START DATA SEGMENT

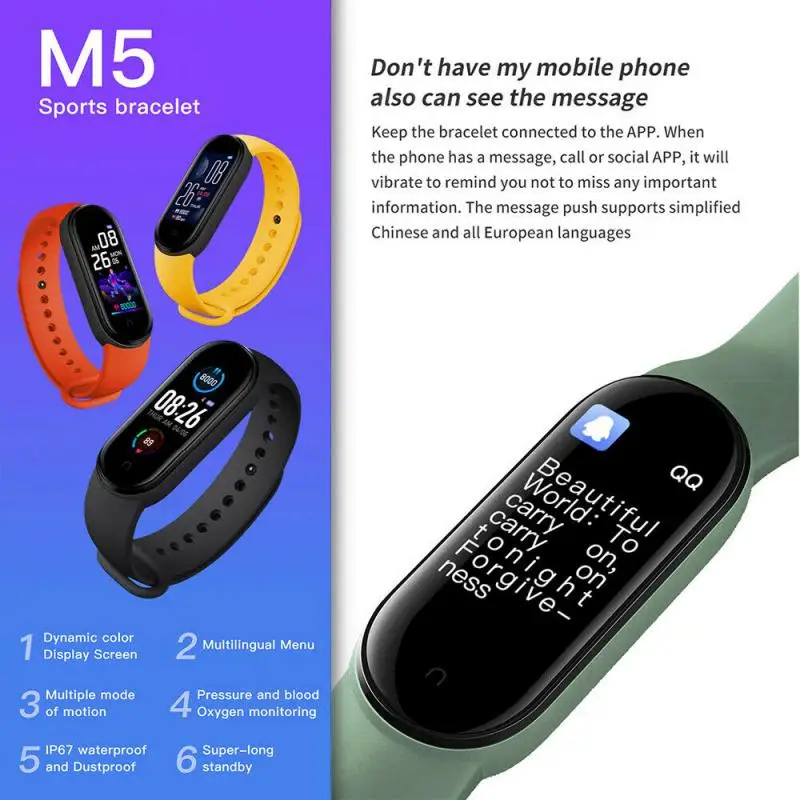 M5 Smart Band IP67 Waterproof Sport Watch Men Woman Blood Pressure Heart Rate Monitor Fitness Bracelet For Android IOS | Электроника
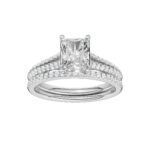 14K White Gold 2.40CT Radiant Cut Diamond Bridal Set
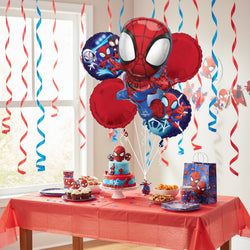 Spider-Man themed balloons on a white background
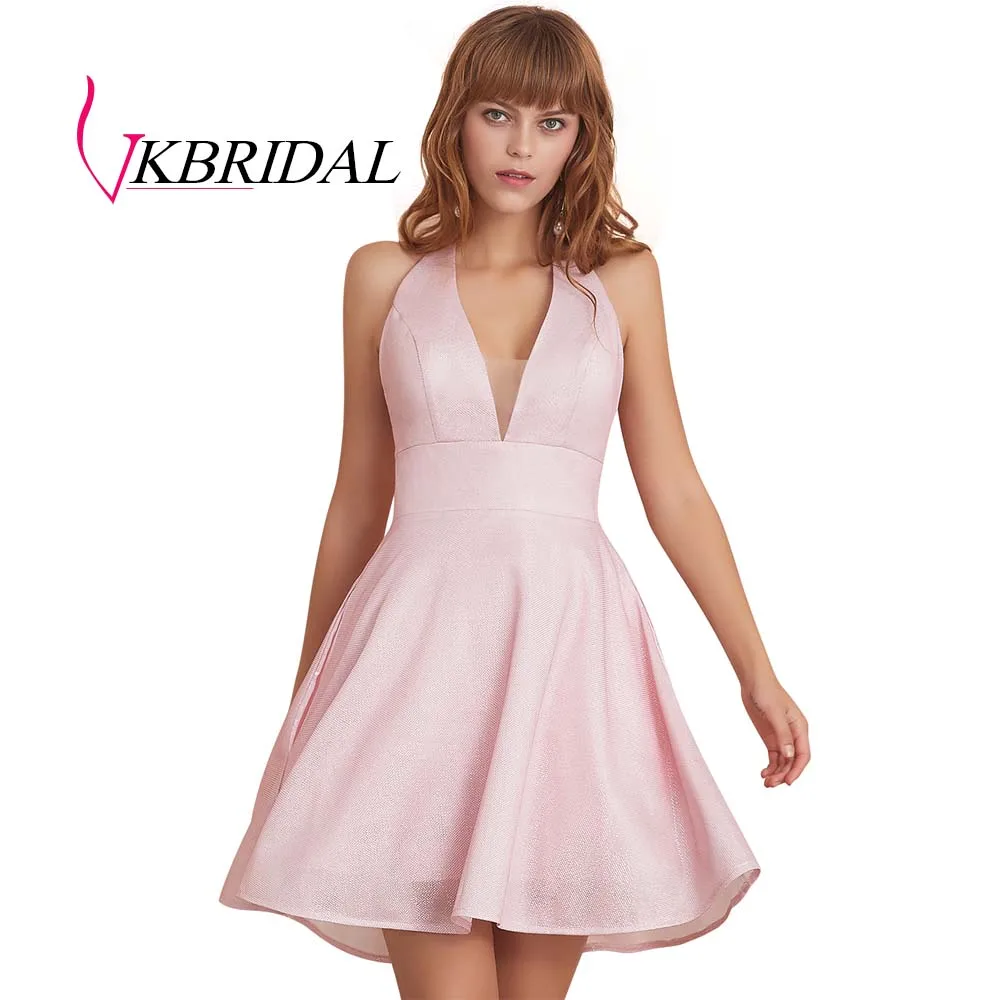VKBRIDAL сексуальные платья с лямкой на шее для встречи выпускников Новая мода блестящая ткань короткое платье для выпускного вечера вечерние платья с карманами - Цвет: Розовый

END DATA SEGMENT

§ PROBLEM STATEMENT: Give the listing again word for word. Skip any pictures.

§ ANSWER TO THIS PROBLEM:
 M5 Smart Band IP67 Waterproof Sport Watch Men Woman Blood Pressure Heart Rate Monitor Fitness Bracelet For Android IOS | Электроника
 14K White Gold 2.40CT Radiant Cut Diamond Bridal Set
 Spider-Man themed balloons on a white background
VKBRIDAL сексуальные платья с лямкой на шее для встречи выпускников Новая мода блестящая ткань короткое платье для выпускного вечера вечерние платья с карманами - Цвет: Розовый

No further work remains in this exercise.